■ What is needed
Leaving out the images, transcribe every record below exactly.
[Provided data Boundary: Start]
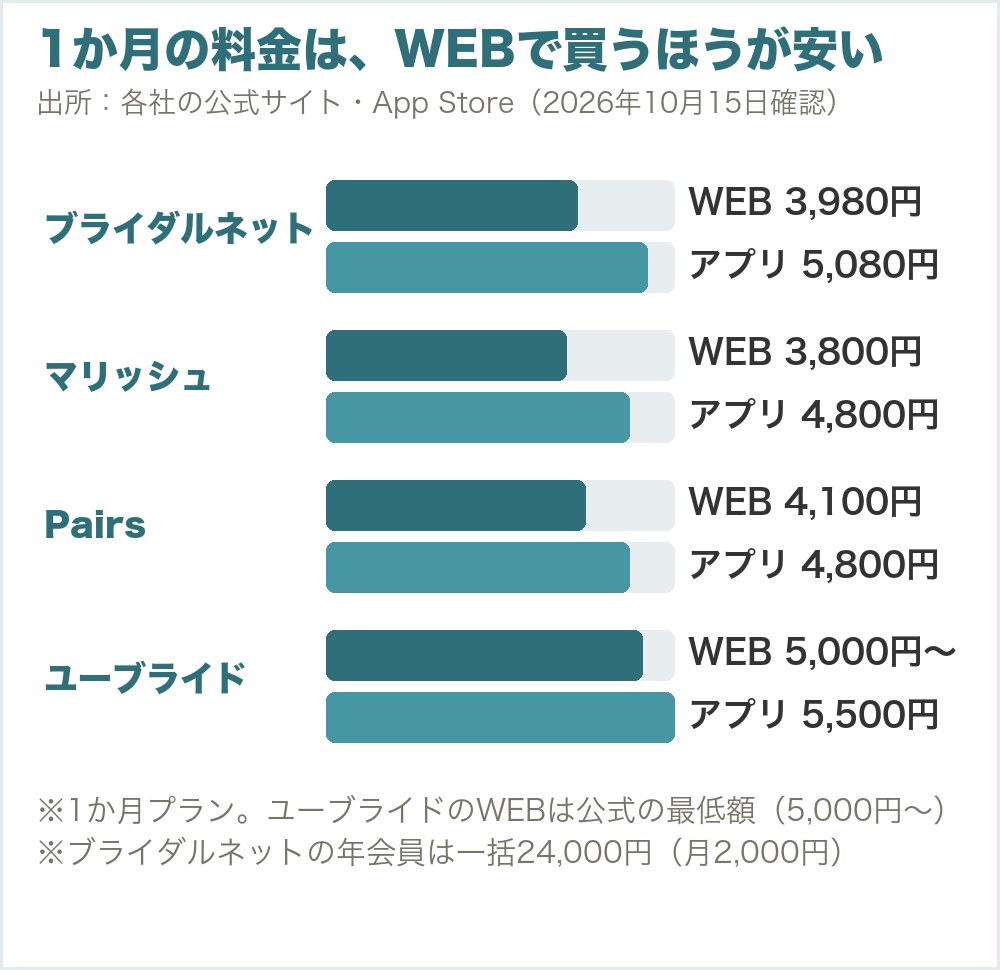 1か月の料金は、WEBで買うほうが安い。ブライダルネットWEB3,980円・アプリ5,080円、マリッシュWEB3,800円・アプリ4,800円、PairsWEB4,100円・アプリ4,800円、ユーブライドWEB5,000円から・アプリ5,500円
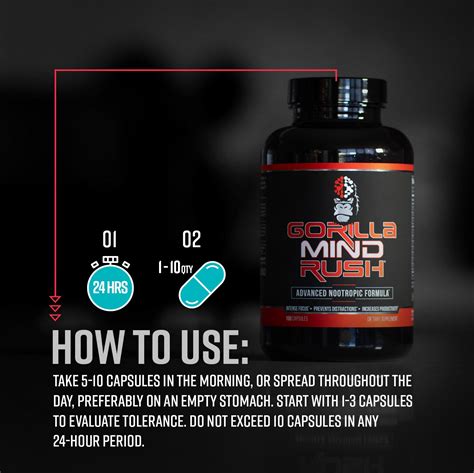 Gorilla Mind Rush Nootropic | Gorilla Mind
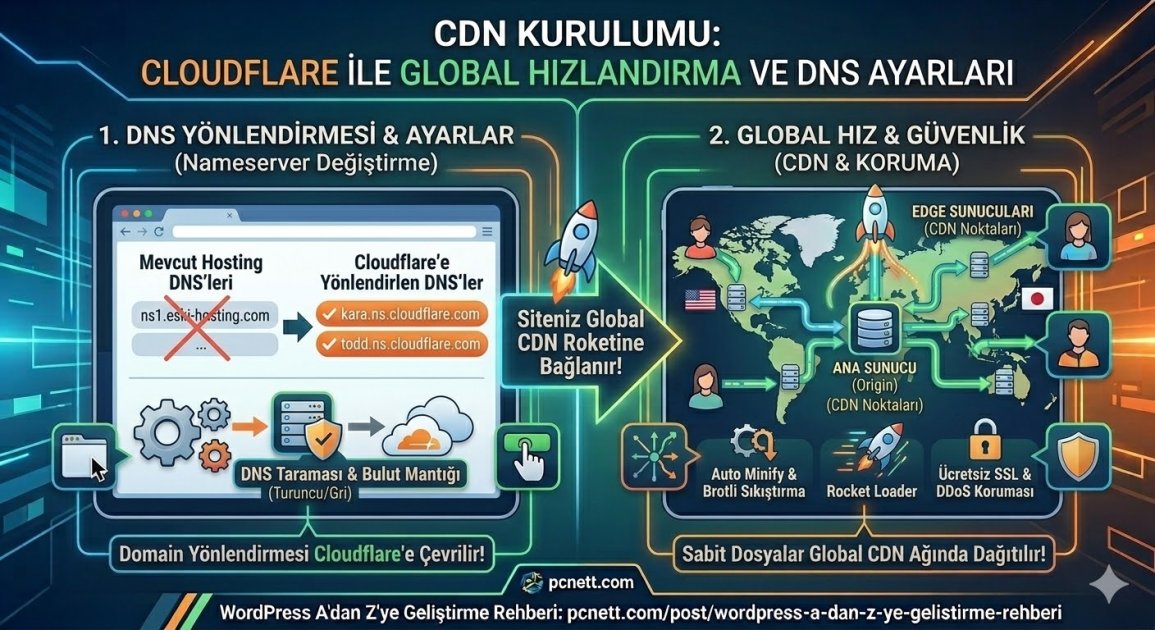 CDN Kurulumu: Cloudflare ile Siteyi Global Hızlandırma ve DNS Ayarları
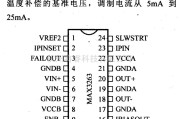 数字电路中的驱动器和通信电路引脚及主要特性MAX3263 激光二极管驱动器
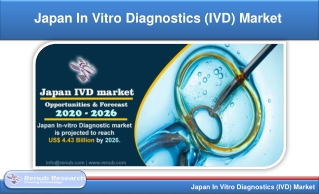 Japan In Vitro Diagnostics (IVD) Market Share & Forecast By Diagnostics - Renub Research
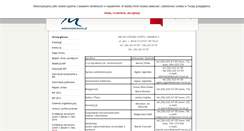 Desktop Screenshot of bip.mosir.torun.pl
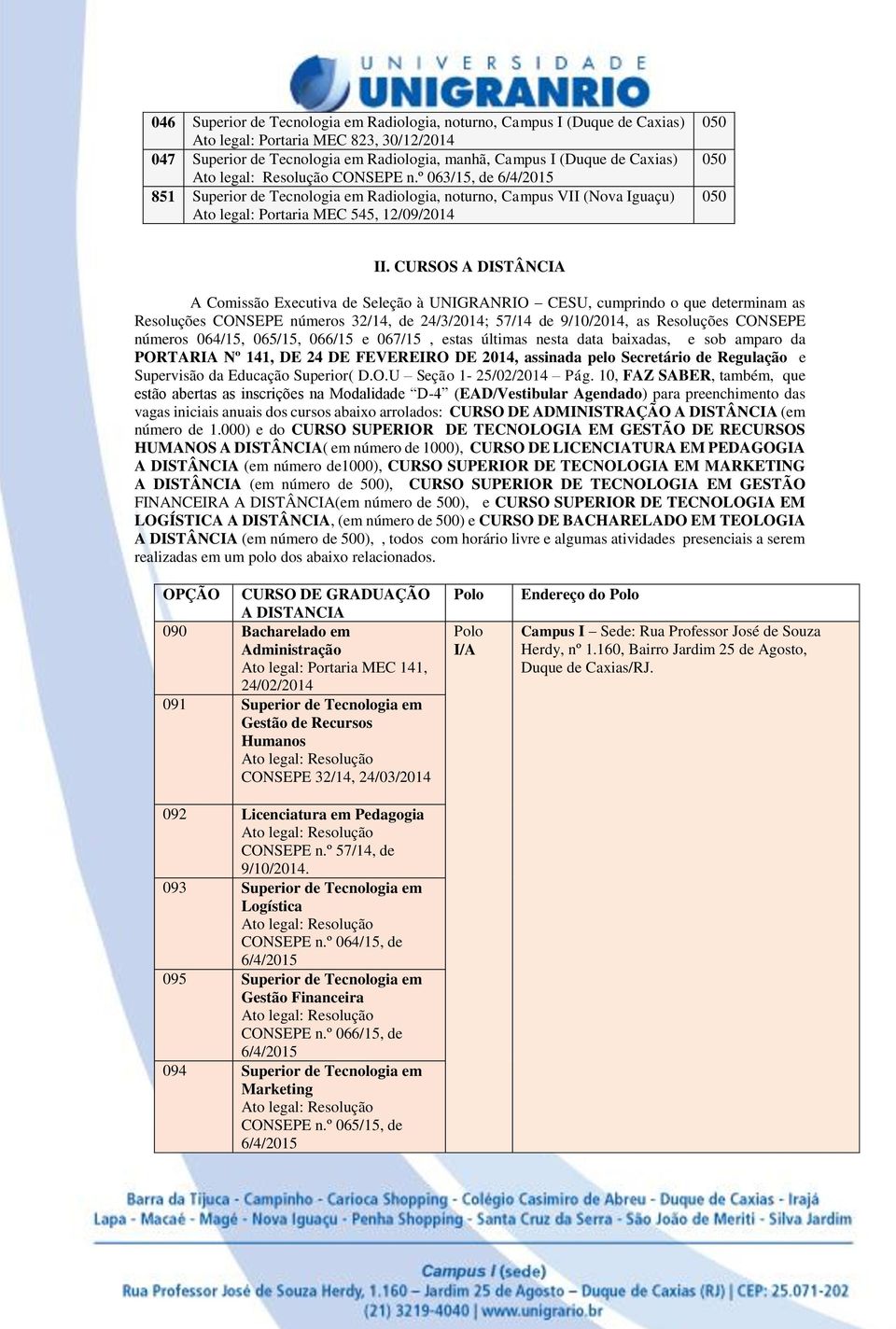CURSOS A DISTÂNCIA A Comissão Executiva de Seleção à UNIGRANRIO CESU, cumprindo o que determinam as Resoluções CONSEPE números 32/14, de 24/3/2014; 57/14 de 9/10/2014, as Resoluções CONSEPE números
[Provided data Boundary: End]
■ Exercise response
 1か月の料金は、WEBで買うほうが安い。ブライダルネットWEB3,980円・アプリ5,080円、マリッシュWEB3,800円・アプリ4,800円、PairsWEB4,100円・アプリ4,800円、ユーブライドWEB5,000円から・アプリ5,500円
 Gorilla Mind Rush Nootropic | Gorilla Mind
 CDN Kurulumu: Cloudflare ile Siteyi Global Hızlandırma ve DNS Ayarları
 数字电路中的驱动器和通信电路引脚及主要特性MAX3263 激光二极管驱动器
 Japan In Vitro Diagnostics (IVD) Market Share & Forecast By Diagnostics - Renub Research
 Desktop Screenshot of bip.mosir.torun.pl
CURSOS A DISTÂNCIA A Comissão Executiva de Seleção à UNIGRANRIO CESU, cumprindo o que determinam as Resoluções CONSEPE números 32/14, de 24/3/2014; 57/14 de 9/10/2014, as Resoluções CONSEPE números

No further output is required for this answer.